## PROBLEM TO SOLVE
From the line that contains "Fall Mums 10X10" to the last line of the data, every line is to be transcribed exactly; no other line is to be included.
*** TASK INPUTS ***
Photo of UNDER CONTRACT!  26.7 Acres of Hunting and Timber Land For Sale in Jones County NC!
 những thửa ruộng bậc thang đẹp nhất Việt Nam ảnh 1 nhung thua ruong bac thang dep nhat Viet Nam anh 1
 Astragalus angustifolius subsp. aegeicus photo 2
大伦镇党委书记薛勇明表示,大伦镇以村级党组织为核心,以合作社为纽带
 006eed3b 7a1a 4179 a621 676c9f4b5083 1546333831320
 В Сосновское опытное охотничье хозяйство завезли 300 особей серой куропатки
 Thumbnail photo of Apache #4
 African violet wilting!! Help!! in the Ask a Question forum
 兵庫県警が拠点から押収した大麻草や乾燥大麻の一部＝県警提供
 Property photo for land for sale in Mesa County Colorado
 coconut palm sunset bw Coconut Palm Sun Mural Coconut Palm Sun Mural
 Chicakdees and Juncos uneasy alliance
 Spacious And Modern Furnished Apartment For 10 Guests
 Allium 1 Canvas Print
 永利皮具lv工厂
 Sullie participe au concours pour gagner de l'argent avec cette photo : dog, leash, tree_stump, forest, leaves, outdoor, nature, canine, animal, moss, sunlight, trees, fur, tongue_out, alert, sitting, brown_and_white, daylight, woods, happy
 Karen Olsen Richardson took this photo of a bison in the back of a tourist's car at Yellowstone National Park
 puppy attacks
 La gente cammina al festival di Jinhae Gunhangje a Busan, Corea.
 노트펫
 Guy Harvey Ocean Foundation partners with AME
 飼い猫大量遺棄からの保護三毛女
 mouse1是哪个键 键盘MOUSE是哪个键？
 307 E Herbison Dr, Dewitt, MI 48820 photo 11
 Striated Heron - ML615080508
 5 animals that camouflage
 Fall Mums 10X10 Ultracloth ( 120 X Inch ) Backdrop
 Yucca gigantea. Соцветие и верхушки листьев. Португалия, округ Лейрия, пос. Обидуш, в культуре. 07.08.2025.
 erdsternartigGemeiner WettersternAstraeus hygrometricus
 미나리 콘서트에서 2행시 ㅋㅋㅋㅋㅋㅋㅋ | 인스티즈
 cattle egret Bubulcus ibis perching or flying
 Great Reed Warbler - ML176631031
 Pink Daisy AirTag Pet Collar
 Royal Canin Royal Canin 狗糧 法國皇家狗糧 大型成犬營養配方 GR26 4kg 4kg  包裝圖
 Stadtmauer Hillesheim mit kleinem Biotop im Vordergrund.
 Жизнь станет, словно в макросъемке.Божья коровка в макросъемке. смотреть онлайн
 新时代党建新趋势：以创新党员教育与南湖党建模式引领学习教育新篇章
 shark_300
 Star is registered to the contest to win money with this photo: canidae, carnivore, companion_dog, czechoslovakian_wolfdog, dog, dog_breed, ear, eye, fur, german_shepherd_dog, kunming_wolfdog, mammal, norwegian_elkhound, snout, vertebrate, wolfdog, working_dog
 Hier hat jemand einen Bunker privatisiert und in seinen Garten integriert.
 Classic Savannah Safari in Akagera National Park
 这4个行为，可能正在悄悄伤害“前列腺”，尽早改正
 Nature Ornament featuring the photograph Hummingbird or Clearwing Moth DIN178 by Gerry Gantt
*** End of TASK INPUTS ***
## ANSWER FOR THIS EXERCISE
 Fall Mums 10X10 Ultracloth ( 120 X Inch ) Backdrop
 Yucca gigantea. Соцветие и верхушки листьев. Португалия, округ Лейрия, пос. Обидуш, в культуре. 07.08.2025.
 erdsternartigGemeiner WettersternAstraeus hygrometricus
 미나리 콘서트에서 2행시 ㅋㅋㅋㅋㅋㅋㅋ | 인스티즈
 cattle egret Bubulcus ibis perching or flying
 Great Reed Warbler - ML176631031
 Pink Daisy AirTag Pet Collar
 Royal Canin Royal Canin 狗糧 法國皇家狗糧 大型成犬營養配方 GR26 4kg 4kg  包裝圖
 Stadtmauer Hillesheim mit kleinem Biotop im Vordergrund.
 Жизнь станет, словно в макросъемке.Божья коровка в макросъемке. смотреть онлайн
 新时代党建新趋势：以创新党员教育与南湖党建模式引领学习教育新篇章
 shark_300
 Star is registered to the contest to win money with this photo: canidae, carnivore, companion_dog, czechoslovakian_wolfdog, dog, dog_breed, ear, eye, fur, german_shepherd_dog, kunming_wolfdog, mammal, norwegian_elkhound, snout, vertebrate, wolfdog, working_dog
 Hier hat jemand einen Bunker privatisiert und in seinen Garten integriert.
 Classic Savannah Safari in Akagera National Park
 这4个行为，可能正在悄悄伤害“前列腺”，尽早改正
 Nature Ornament featuring the photograph Hummingbird or Clearwing Moth DIN178 by Gerry Gantt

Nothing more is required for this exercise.